Several studies done before have described a high BRAF V600E mutation prevalence's in conventional PTC, ranging between 29% and 83%.[15],[16],[17],[18],[19],[20],[21],[22],[23],[24],[25],[26] PTC includes a spectrum histological subtypes differing markedly in biological behavior. The aggressive subtypes of PTC include tall cell, columnar cell, diffuse sclerosing, and the hobnail variants. The conventional and follicular variants account for nearly 86%–90% of all PTC. The prevalence of BRAF mutations in our series of conventional PTC was 39.6%. Follicular variant of PTCs harbors BRAF V600E mutation infrequently as was also noted in our series. None of our patients of follicular thyroid cancers harbored BRAF V600 mutations.
A number of single-center studies have reported the association of BRAF V600E mutations with various clinicopathological risk factors such as advanced age, ETS, high nodal positivity, and distant metastasis, but with conflicting results.[7],[13],[15],[16],[17],[18],[19],[20],[21],[22],[23],[24],[25],[26],[27],[28] Nikiforova et al.[7] initially reported an association between BRAF V600E mutations to increasing age, advanced stage, aggressive histology, and extracapsular extension. The authors also showed the presence of the mutation in anaplastic cancers, suggesting a possibility for the mutation to be related to differentiation of PTC. On a different note, two high-volume single-center studies did not show a significant correlation between mutation status and high-risk clinicopathological features. On the other hand, Gouveia et al.[27] reported a BRAF V600E positivity of 73.2% in their cohort of 429 PTC patients; however, this association was not significantly associated with aggressive clinicopathologic features. In yet another study, Ito et al.[28] in their experience of 766 patients with 37% BRAF V600E positivity reported that mutations' positivity was associated with poor cause-specific survival only in patients with high-risk patients. In our study cohort of conventional papillary thyroid cancers, BRAF V600E mutation was significantly associated with N1b neck node status; we found 54.5% (18/33) of the patients with N1b neck nodes harboring a BRAF mutation V600E (P = 0.011).
A vast majority of the PTCs tend to have an excellent prognosis; therefore, the risk of disease recurrence is most frequently analyzed while considering the prognosis. The incidence of relapse/persistent disease is reported to occur in about 10%–30% of the patients with PTC and further; about 5% of the patients are resistant to conventional treatment. Unfortunately, only a few studies have studied the relationship between mutation positivity and survival outcomes, none of which are randomized.[29],[30],[31],[32],[33],[34] This is largely due to the indolent biology of PTC, which necessitates the analysis of large number of patients with a long follow-up to observe any significant differences between them.
Elisei et al.[30] reported a decrease in overall and disease-free survival in a group of 102 patients who were BRAF V600E mutation positive, strongly suggesting BRAF mutation to be an independent, unfavorable prognostic factor in PTCs. However, similar results could not be replicated in other single-institution studies.[32],[33],[34] These conflicting reports are possibly related to differences in methodology, i.e., group selection, differences in occurrences of BRAF mutation, BRAF identification methodology, and also lack of validations among others.
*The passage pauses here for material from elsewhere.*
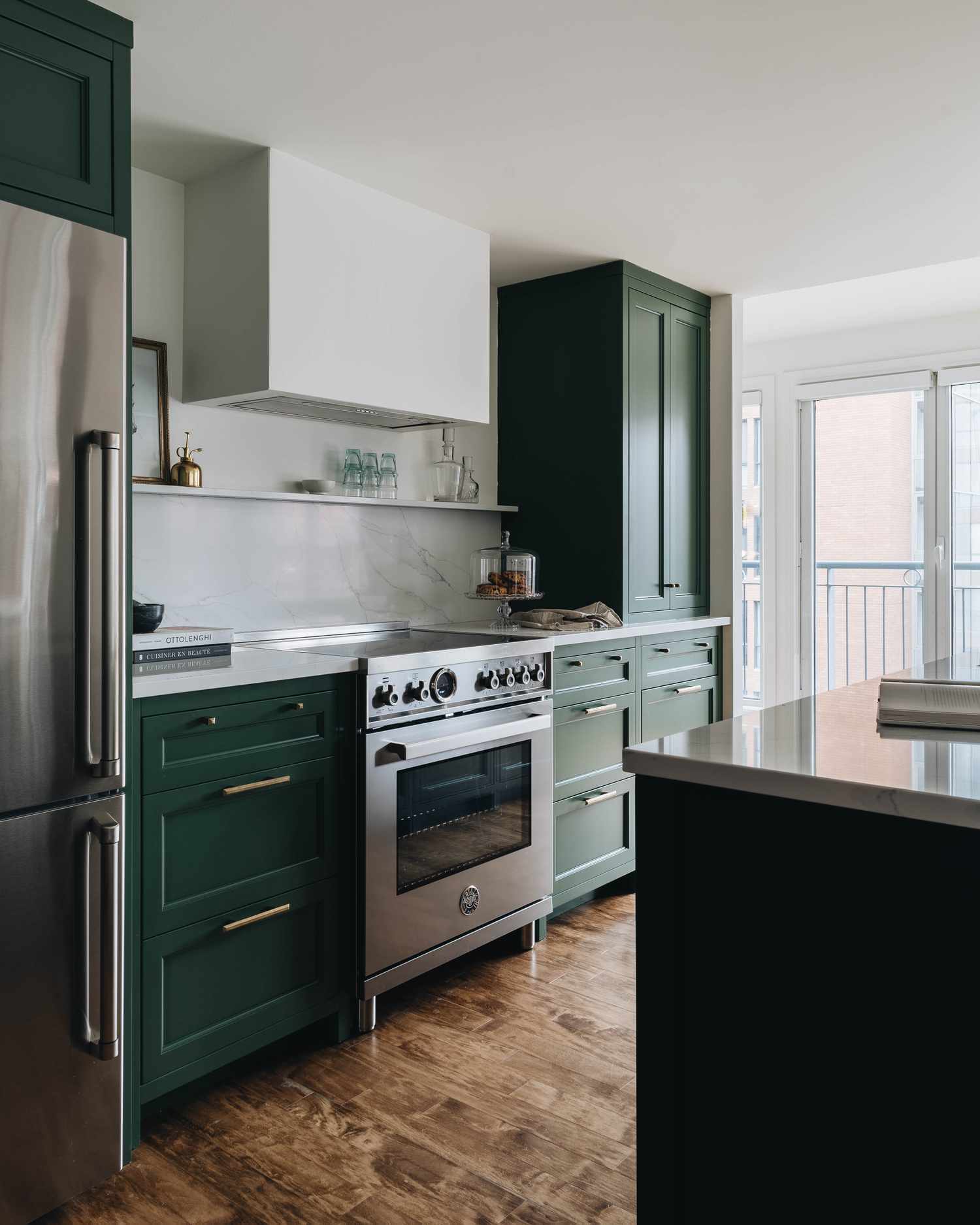 green kitchen cabinets with brass hardware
A number of meta-analyses were carried out in an attempt objectively asses the prognostic significance of BRAF V600E mutation, considering the conflicting reports from the various single-center publications. The meta-analysis by Lee et al.[35] in 2007 and Li et al.[36] in 2012 did not formally analyze the prognostic significance of BRAF mutations. Eight of the 27 papers analyzed in the meta-analysis by Kim et al.[37] reported a significant association between the presence of BRAF V600E mutation and a higher risk of persistent disease or recurrence (2.14-fold higher risk of recurrent/persistent disease). Another meta-analysis by Tufano et al.[38] which analyzed 2740 patients across 14 studies showed a significantly higher risk of relapse (24.9% vs. 12.6%; P < 0.00001) in patients with confirmed BRAF V600E mutation as compared to mutation-negative patients; however, the risk of relapse varied significantly in the papers analyzed, i.e., 11%–40% for BRAF mutation-positive patients to 2%–36% among the BRAF V600E mutation-negative patients. Yet, another meta-analysis by Chen et al.[39] which included 5873 patients across thirty studies showed that BRAF V600E mutations in PTC was significantly associated with older age, ETS, lymph node metastasis, advanced stage, and recurrence.
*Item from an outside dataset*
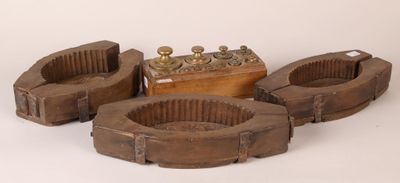 three wooden ashtrays with brass fittings and a wooden box
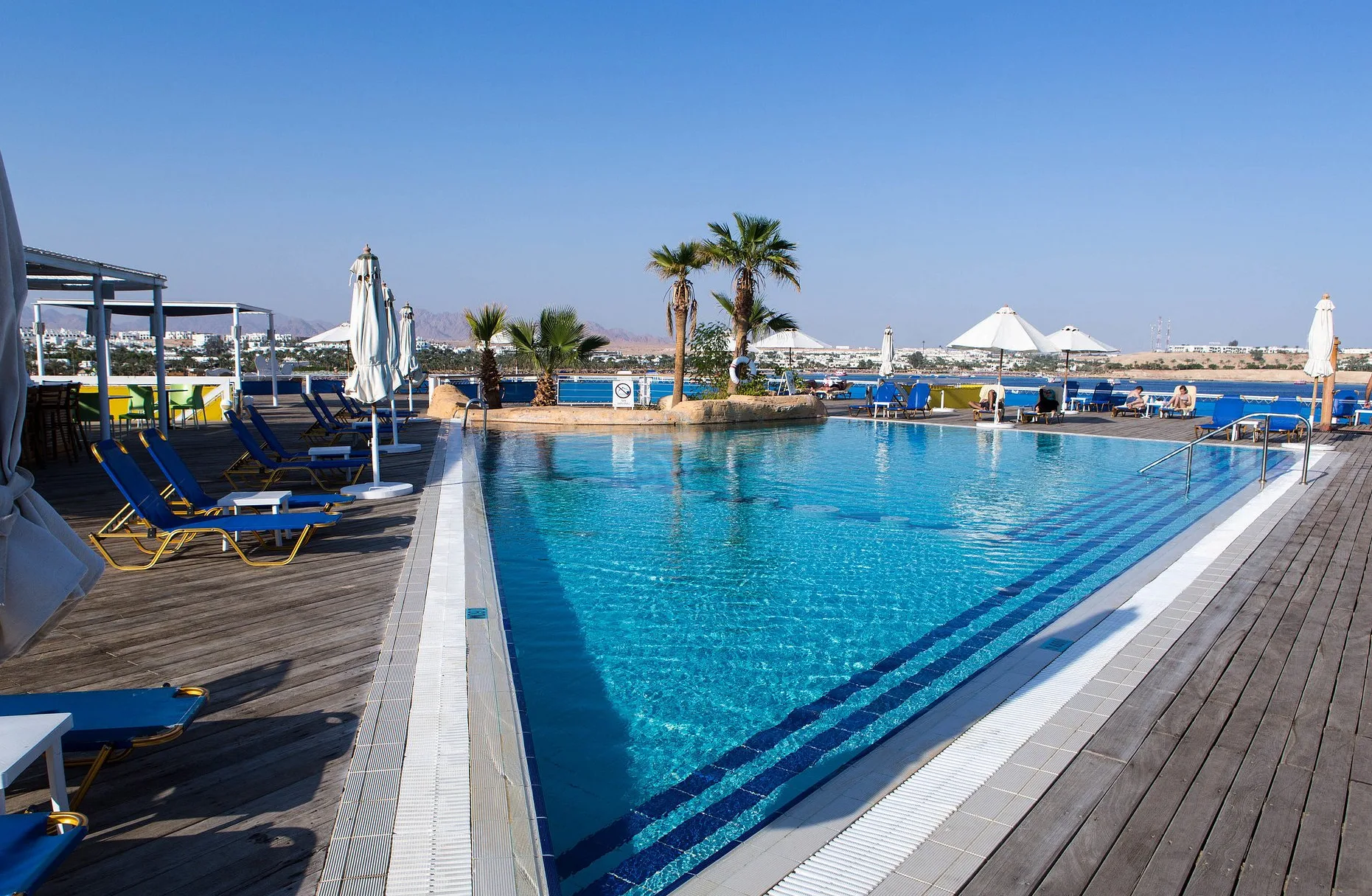 Piscina azzurra con lettini e ombrelloni su deck in legno affacciata sulla baia del Mar Rosso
However, the recent large retrospective international multicenter studies have suggested the association of the BRAF mutations with aggressive clinicopathological characteristics and mortality of PTC indicating that BRAF V600E could be an independent prognostic factor for PTCs.[40],[41]
The adverse prognostic significance of BRAF V600E mutations as also seen in our cohort, paralleled the results of the meta-analysis older age (>45 years), presence of ETS, and BRAF V600E mutation positivity were found to be significant independent prognostic factors in our cohort of PTCs. Our study further showed that BRAF V600E mutations can be used to risk-stratify patients of PTCs when considered along with the other significant adverse prognostic factors, namely, older age and extrathyroidal extension. A similar observation was observed in the multicenter study by Xing et al.,[41] who also reported a worse disease-free survival in BRAF V600 E mutation-positive patients with extracapsular infiltration and with older age (log-rank, 68.9; P < 0.001).
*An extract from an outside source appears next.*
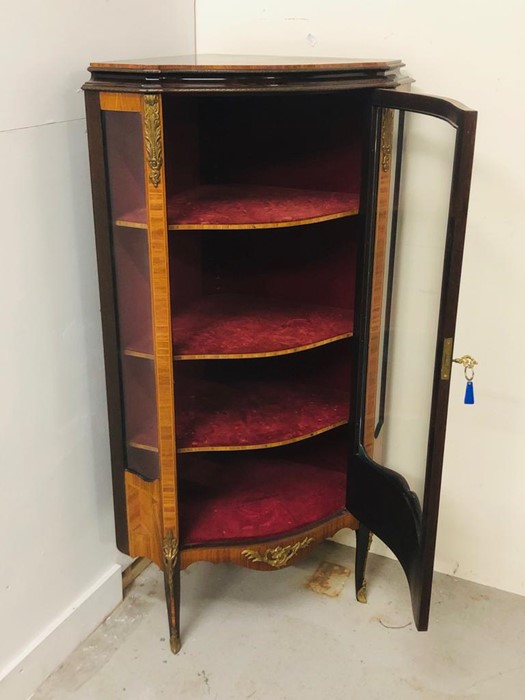 An Ornate corner cabinet with brass detailing, marquetry and a curved glass door and three shelves. - Image 3 of 5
However, despite the mounting evidence, due to a lack of direct influence of BRAF V600E mutation on the increase in the risk of relapse, the most recent ATA guidelines [42] does not allow for a routine application of BRAF status for the initial risk stratification of patients with well-differentiated thyroid cancer. However, guideline does recommend considering BRAF V600E and/or TERT mutation status for continuous risk assessment of relapse.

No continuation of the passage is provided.